# Designing Circuits with 556 Chips for Garden Railroads



## toddalin (Jan 4, 2008)

There are actually seven steps.

Step 1 - Design the circuit on a breadboard and make it work on a 12 volt battery with LEDs - simple, ~10 parts (including those for regulated power supply).

Step 2 - Supplement the LEDs with relays - Make it work. More difficult, requiring additional capacitors and backwards diodes on the relays. Also requires additional head scratching and filtering to the power supply and chip to stabilize the voltage when the relays kick to prevent false triggering, more difficult, ~15 parts.

Step 3 - Once it works , transfer the components to a perforated board and solder it up. Make it work. More difficult, often requires cussing during the soldering process, same 15 parts.

Step 4 - Change the battery to an MRC 6200 power supply and make it work. (Can be very difficult.). Requires additional capacitors on the relays, additional filtering on the chips, ferrite beads, and lots of head scratching, usually cussing, and hours of "creative experimentation." ~20 parts.

Step 5 - Put the system on the railroad - Make it work. Now we add the "noise" from the train engines, long wire runs for reed switches, also subject to noise, and the elements. Requires revision of the capacitors (typically bigger), the addition of low value resistors to these caps to reduce surge that causes false triggering, and the "creative addition" of additional capacitors, resistors, and ferrite beads to reduce false triggering. Can be extremely difficult requiring hours (days) of head scratching, cussing, and parts substitution hunched over in the garden. ~25 parts.

Step 6 - Put it in the case - Make it work. Can be easy or difficult depending on # of wires (to break or come off) and interconnected assemblies.

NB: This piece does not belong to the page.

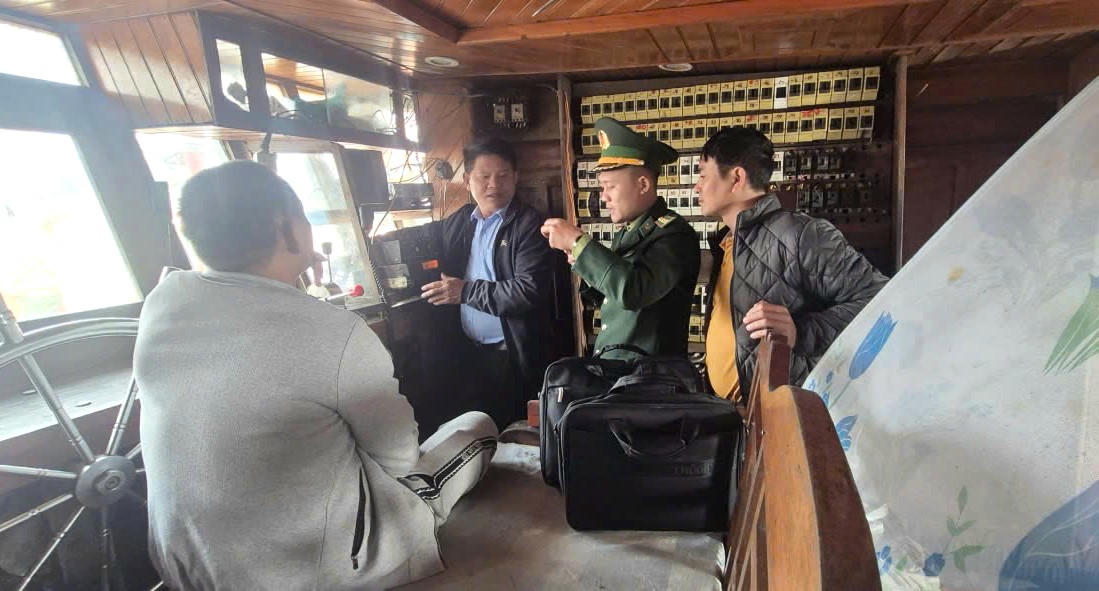 Cán bộ Đồn Biên phòng Lý Hòa kiểm tra, đối chiếu dữ liệu giám sát hành trình của tàu cá vi phạm.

Step 7 - Keep your fingers crossed when guests arrive.


----------



## Semper Vaporo (Jan 2, 2008)

Which cuss words help the most?


----------



## toddalin (Jan 4, 2008)

Semper Vaporo said:


> Which cuss words help the most?


 
I think that you have to watch MythBusters to find out. I just know what works for me.

http://www.youtube.com/watch?feature=player_embedded&v=pp5hNhHp3Ew


----------